Thank you for the information and encouragement, Jonas. I've still got lots to learn, and if nothing else this experience has given me a good education on the importance of timing in relation to starters. Hats off to those who are doing this with success. Most things in beekeeping have come rather easily to me, queen rearing at this level has not. It just makes me more determined to piece the puzzle together. 

Thanks again all for the feedback.


----------



## Hillbillybees (Mar 3, 2016)

Too early in Arkansas. We start around April 15th on the grafts giving us virgins around the 28th. Too much weather ups and downs and low foraging. A little pollen coming in now but nectar sources are scarce. Blackberries make the difference.


----------



## dlbrightjr (Dec 8, 2015)

Please keep updating Nordak. We are going to start dabbling in queen rearing his year if possible and I am very interested in your experience. I already have April 15th down on the calendar as my first graft attempt so it sounds like that is a good start. Good luck.


----------



## Nordak (Jun 17, 2016)

It's becoming more apparent that is the case, hillbillybees. I'm still going to try as early as next week as I've got the cell starter built and a new plan of attack. They'll let me know what I can or can't do I suppose. Thanks, your timeline makes sense. I think I was a bit fooled by the early build up and mild winter.


----------



## Nordak (Jun 17, 2016)

dlbrightjr said:


> Please keep updating Nordak. We are going to start dabbling in queen rearing his year if possible and I am very interested in your experience. I already have April 15th down on the calendar as my first graft attempt so it sounds like that is a good start. Good luck.

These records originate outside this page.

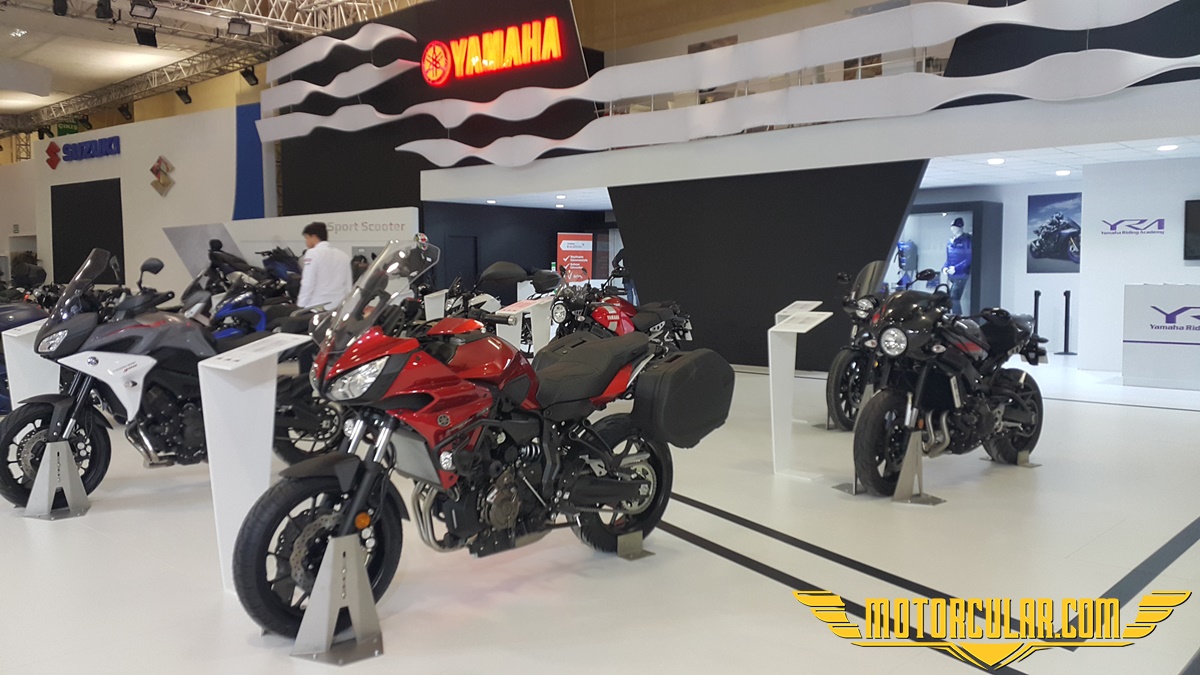Motobike İstanbul 2018 Yamaha İzdihamı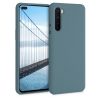 Husa pentru OnePlus Nord, Silicon, Albastru, 51871.207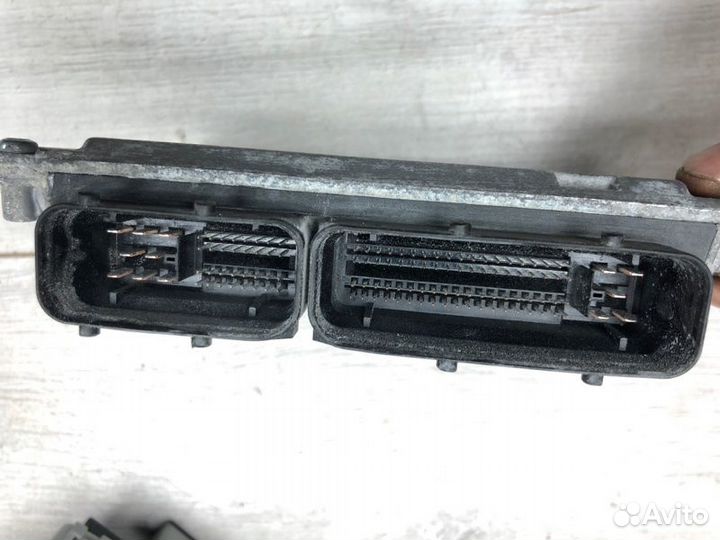 Эбу двс Audi A3 хэтчбек BGU 2005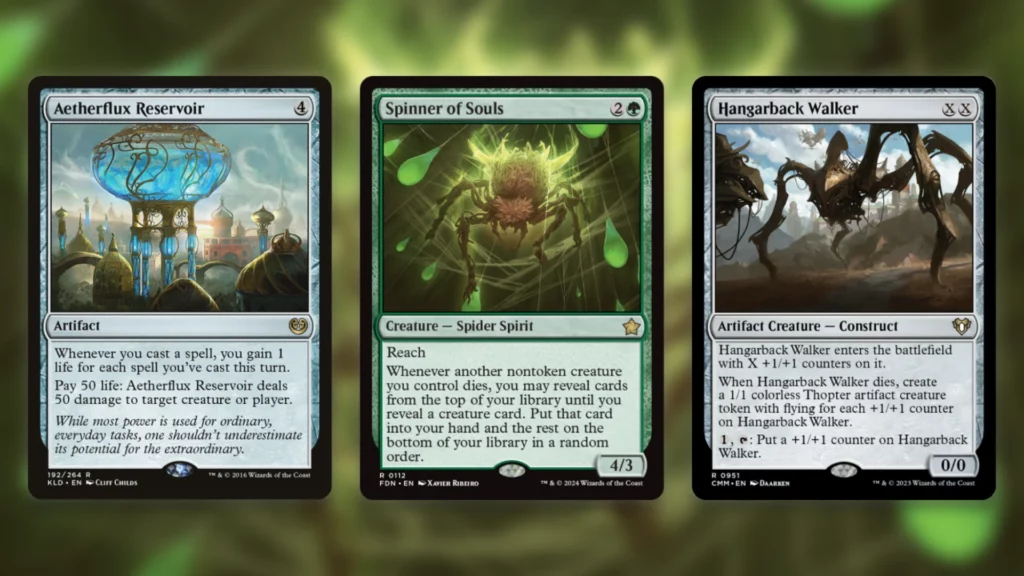 Spinner of Souls Pioneer Combo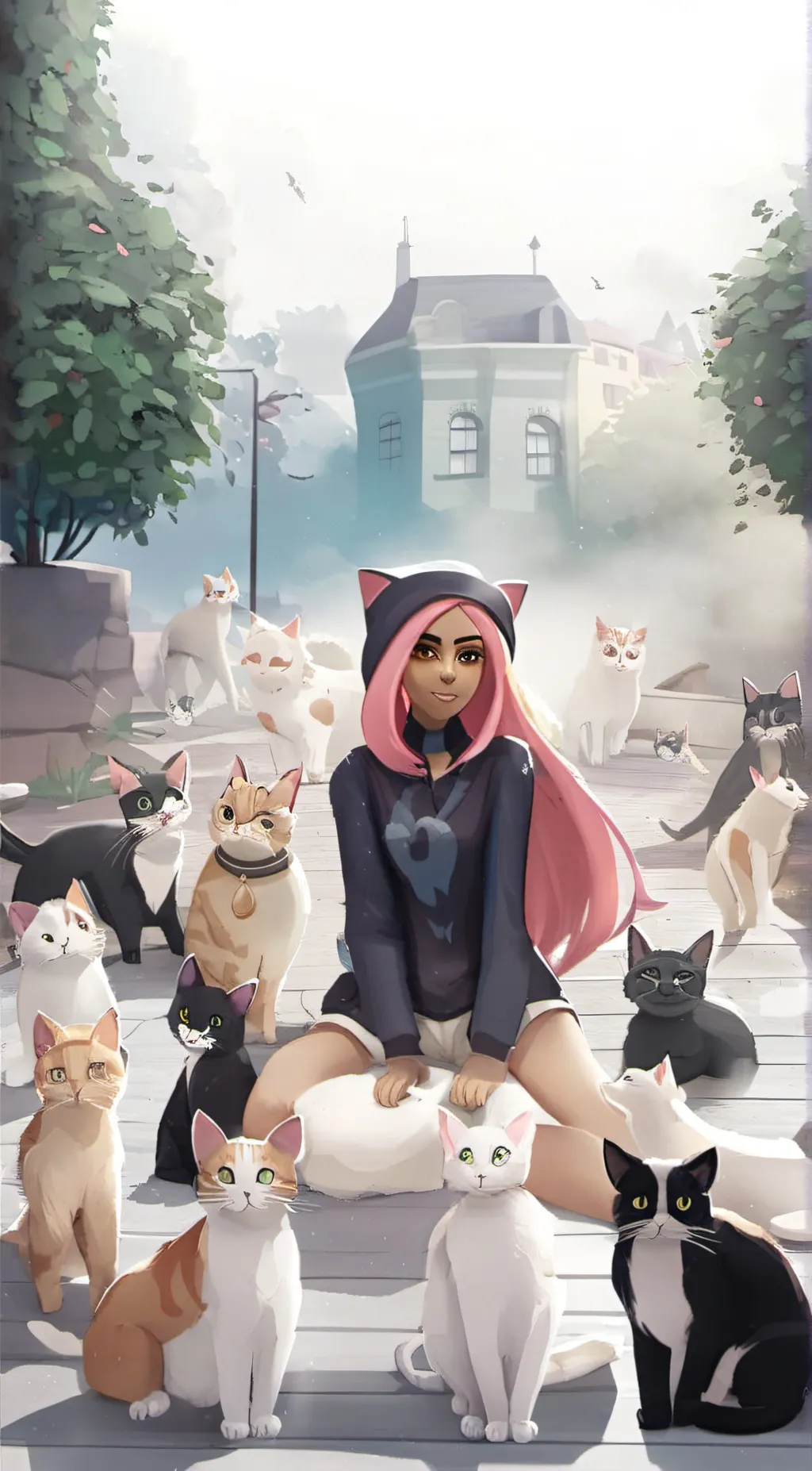 Talkie AI - Chat with Cat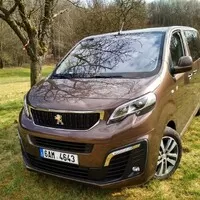 Peugeot Traveller 2.0 HDi 4x4 Dangel: Rallye dodávka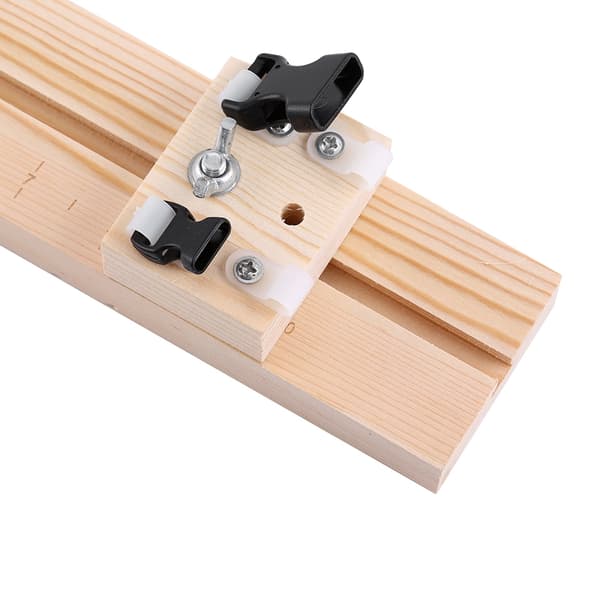 DIY Træ Paracord Jig Armbånd Maker Håndværktøj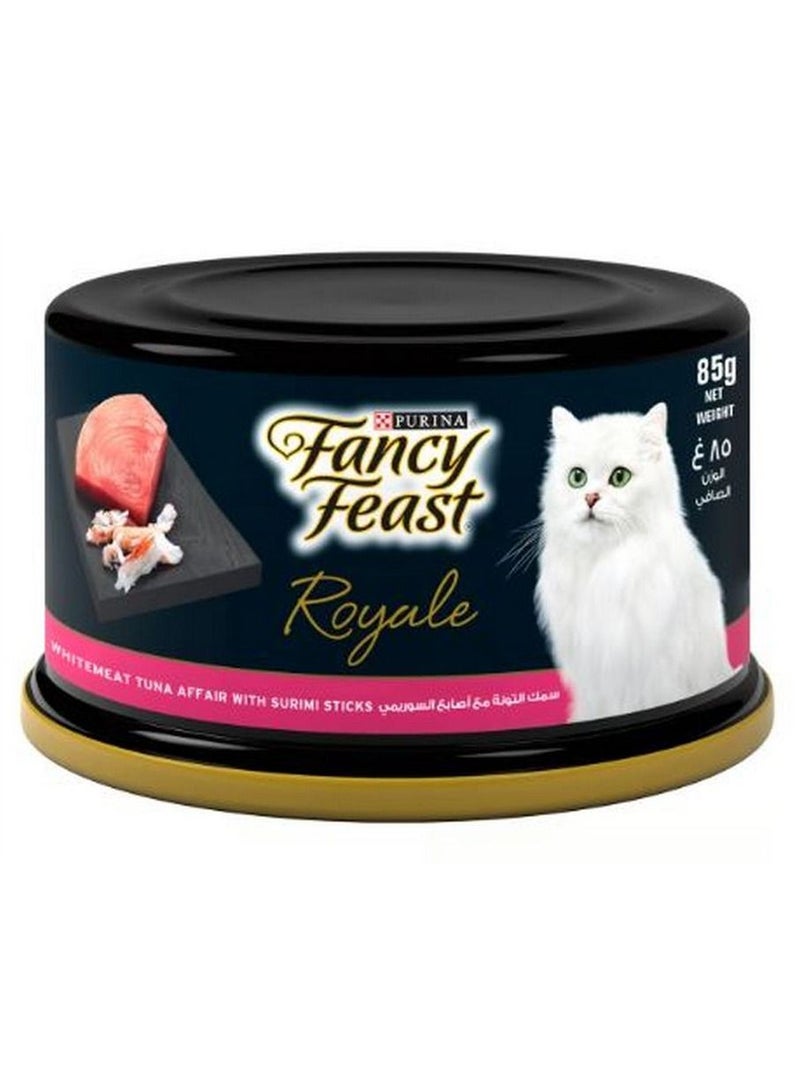 Fancy Feast Royale Tuna Affair - PURINA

Will do, and Thanks. Best to you and your bees.


----------



## clyderoad (Jun 10, 2012)

Nordak said:


> Thank you for the information and encouragement, Jonas. I've still got lots to learn, and if nothing else this experience has given me a good education on the importance of timing in relation to starters. Hats off to those who are doing this with success. Most things in beekeeping have come rather easily to me, queen rearing at this level has not. It just makes me more determined to piece the puzzle together.
> 
> Thanks again all for the feedback.


Maybe using a Cloake board on a good strong hive the first few times would help you to see the strength of the bees in the starter/finisher and give you something to aim for when setting up separate starters and finishers.


----------



## Nordak (Jun 17, 2016)

clyderoad said:


> Maybe using a Cloake board on a good strong hive the first few times would help you to see the strength of the bees in the starter/finisher and give you something to aim for when setting up separate starters and finishers.


That might be helpful, and I have an 8 frame lang that I could utilize for that purpose. I think the strength factor is there, but I could be totally wrong. Something to consider and gives me more options. Thanks, Clyde.


----------



## clyderoad (Jun 10, 2012)

Nordak said:


> That might be helpful, and I have an 8 frame lang that I could utilize for that purpose. I think the strength factor is there, but I could be totally wrong. Something to consider and gives me more options. Thanks, Clyde.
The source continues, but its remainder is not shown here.